According to Blackledge this completely correct prediction is not a sign of anarchism’s strength but rather exposes its weaknesses. It is an expression of “themes” which we “inherit” from liberalism and these “serve as a brake on the democratic aspirations of anarchist practice.”(17) Yet he singularly fails to do that and here I will show why. By coincidence, I was talking to a fellow union member at work recently and he brought up the SWP and its saying “the party is the memory of the class.” We both laughed when I suggested that while I agreed with the thrust of the saying, the SWP had Alzheimer’s. This is clearly the case in this article, which shows a shocking ignorance of both anarchism and Marxism, not to mention their histories and, indeed, the history of the world.

I plan to discuss various aspects of this chapter in a series of blogs. I plan to cover “human nature”, the realities of Bolshevism, the state, vanguardism, Proudhon and Stirner but this blog will start with the Paris Commune. I will be doing a proper review of the whole book but this will not be able to cover the issues in the depth required and still get published. Hence these blogs and, as such, it is written more informally than a proper review.

There are many problems with Blackledge’s account. There is the usual (is it mandatory?) selective quoting, the lambasting of anarchists for not recognising the insights of Marxism when, in fact, we said it first, the obvious lack of serious engagement with anarchist thinkers (like reading their bloody books!) and the ritualistic quoting of previous Marxists on anarchists as if they were objective and accurate references. Not to mention the assumption that anarchists are like Marxists, in-so-far as it is assumed the reason we are anarchists is simply because we have not read Marxist thinkers! Oh, and the avoidance of awkward facts, namely the actual history of Marxist parties and regimes  – which is quite ironic, given that Blackledge’s main gripe is that we lack “a fully historicised conception of [human] nature.” (18) Instead of “a fully historicised account” of Marxism we get the assumption that it is the benchmark against which all other theories are measured, an assumption which only can be asserted precisely if you avoid the history of that ideology.

This is unsurprising because when you do you soon have to draw the conclusion that it was not Marx who “was able to conceive of new forms of democracy” (19) but rather it was Proudhon and Bakunin who did that years before Marx finally drew some of the same conclusions they had. This can be seen, ironically, from what Blackledge clearly thinks is his key card – the Paris Commune.

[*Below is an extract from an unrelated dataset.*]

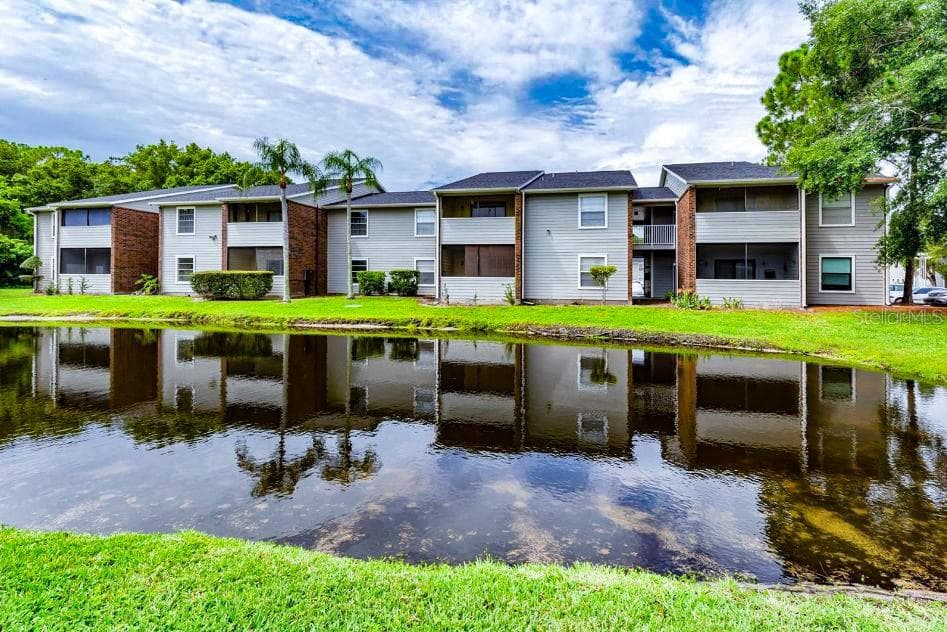 1400 GANDY BOULEVARD N UNIT 207(Furnished) ST PETERSBURG, FL 33702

However, before discussing why I need to cover some of the usual problems with SWP accounts of anarchism. My long experience of reading Marxist (particularly) SWP attacks on anarchism has shown the necessity of checking the references used – or more correctly, abused. Here are a few examples which are not relevant to my main argument but which should be mentioning.

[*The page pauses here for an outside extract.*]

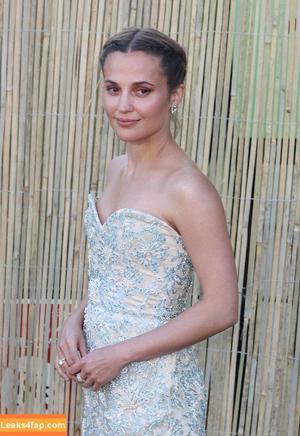 Alicia Vikander photo #0458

Thus we find Blackledge claiming that Bakunin “went further than Proudhon in a collectivist direction” (27) with page 12 of Guérin’s Anarchism referenced as support. Knowing of Guérin’s high regard of Proudhon, that he regarded him as a collectivist and having read Anarchism, this came as a surprise. So I got out my copy and read page 12. Unsurprisingly, I discovered that Guérin did not refer to Proudhon but rather his followers, whom he indicated had split into “petty-bourgeois descendants” (mutualists) and collectivists after his death. As far as Proudhon goes, Guérin states that “with regard to large-scale modern industry… he was resolutely collectivist” and argued that it should be “managed by associations of workers.” (45) He also indicated that the debates over collectivisation in the international refers to land and that mutualists “in matters of industrial self-management actually demanded it.” (44) As Guérin put it elsewhere:

“Proudhon and Bakunin were ‘collectivists,’ which is to say they declared themselves without equivocation in favour of the common exploitation, not by the State but by associated workers of the large-scale means of production and of the public services. Proudhon has been quite wrongly presented as an exclusive enthusiast of private property.” (“From Proudhon to Bakunin”, The Radical Papers, Dimitrios I. Roussopoulos (ed.), 32)

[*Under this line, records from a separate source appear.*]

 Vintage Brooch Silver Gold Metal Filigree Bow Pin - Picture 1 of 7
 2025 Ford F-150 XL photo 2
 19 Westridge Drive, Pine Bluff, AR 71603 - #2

But this would not fit in with the “conventional wisdom” of Marxists on Proudhon, so you can see why Blackledge misuses his source – it superficially gives his nonsense support by referencing someone anarchists recognise as knowing what he was talking about. Blackledge’s general contempt of Proudhon is also reflected by him managing to repeatedly reference the wrong book when quoting him – after much fruitless searching through my various editions of What is Property? (I have three!) I finally discovered that he was (selectively) quoting Proudhon’s General Idea of the Revolution.

He also suggests that the “tension between the idea of the dictatorship of the proletariat and Marx’s vision of socialism from below was labelled by Alexander Berkman as ‘the great contradiction of Marxian socialism.’” However, if you look up the reference Berkman was in fact arguing that electioneering, socialists who “seek office” within the current state, to introduce socialism, was “the great contradiction.” This was part of a searing critique of how this tactic led to reformism (Chapter XIII of What is Communist Anarchism?) and should be read as it is a materialist critique of Blackledge’s (implicitly stated) notion that it was the wrong ideas (Social Democracy not being Marxist) that produced opportunism within the Second International.

He also mentions John Holloway (23), although (as usual) fails to note he considers himself… a Marxist! He also proclaims “a minority of anarchist critics of Lenin accept that it was through the concept of the dictatorship of the proletariat that Marx sought [and quoting Kojin Karatani] ‘a method of achieving the liberty that neither falls into chaos nor into state authority’“. (23) Having never heard of Karatani, I cannot say whether he is an anarchist or not. If he is, then that must be a minority of one!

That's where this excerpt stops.